I live about 15 miles from where our business is. Most days I take the scenic route on Hwy 89A, which also has the most terrible drivers, but that's another story...
Anyway the days I have errands to run I go the front route in past where my son Aaron works on Hwy 69. I often see him outside so I started honking every time I drove by, just to say hello. One short honk, one longer. That way he would know it was me. Many days I don't see him physically, but the front door is open, so I'm pretty sure he can hear me inside the building. Whether I see him or not I just want him to know that I am thinking about him. Acknowledging his existence and saying hey I know you're there! I hope it makes him feel thought of and loved and I know it makes me feel a bit of joy knowing he feels that.
As much so-called interaction there is with social media with all the tweets, posts, pics, texts, etc. it seems that more people are feeling lonely and forgotten today than in years gone by. Most of what passes as honest communication is really just an impersonal way of getting OUR lives and thoughts out there. We live in a box called a house. Climb in another box called a vehicle and go to another box called work. Then in our spare time we pick up another box, our computer or cell phone and have real, true and honest dialogue with others in our circle of friends and family. NOT! Don't get me wrong, I like going on Facebook and Pinterest and Instagram as much as the next person to see what's up and get caught up but that in no way takes care of my need for real human contact. For a face to face conversation, for a reassuring hug or just even a good hearty laugh, usually at my expense! We live in a busy time, running at a frenetic pace and wonder why we feel alone and lonely. I think what we truly miss, what we truly need is knowing that we are loved and thought of and precious to someone.
I think of when I drive past my son's work. How in the middle of whatever he is doing, he hears that special honk and gets a smile on his face. I know how I feel, hoping that I have put a smile on his face. Just a honk, but so much more.
There is someone who goes to so much more trouble than a honk to show acknowledgment and love. That someone is our God and Father. There are days that I feel alone. Even when I am in a crowd of people. It is easy to feel lost and unappreciated. It is easy to feel forgotten and alone. But then I look around me and I see those signs of a God who loves me. A God who thinks of me and cherishes me.
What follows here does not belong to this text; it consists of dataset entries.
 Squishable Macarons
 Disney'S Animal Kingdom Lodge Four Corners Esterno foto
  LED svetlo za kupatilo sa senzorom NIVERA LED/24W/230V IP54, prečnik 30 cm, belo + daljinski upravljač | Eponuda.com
I see signs of His love everywhere. In a world filled with beauty that He created for our pleasure. Mountains, trees, animals, oceans, stars, flowers, all created by a God who loves us, not by some flatulent explosion of gas. I look at the intricacies of our bodies and see how a creative God had to have made things just so. I hear a baby's cry and think God has not forgotten us. I see the storms rolling in with our monsoon season and I hear the thunder and see the lightning and think God is powerful and on the throne. I hear the trees blowing in the wind and think God's Spirit is still moving on the earth. I think this is a God who wants to know me and who wants me to know Him. He takes delight in knowing I am looking for Him. That I am listening for His voice in this cacophony of noise we call daily life.
I go back to that honking of the horn. That show where everybody knows your name. Our basic human need to be recognized, accepted, approved of. Well, everybody may not know my name. And many days I may not feel accepted by those around me. But I do know that the One who fashioned me, who knows my very thoughts, who even numbers the hairs on my head thinks of me. He loves me. He cherishes and adores me. He calls me His own. He delights in me. Even when I cannot see Him, He makes it known that He is there. That I am not alone. That Someone knows my name, and shouts out so I can hear "Gail"!! I don't need everybody to know my name when I know that He knows my name.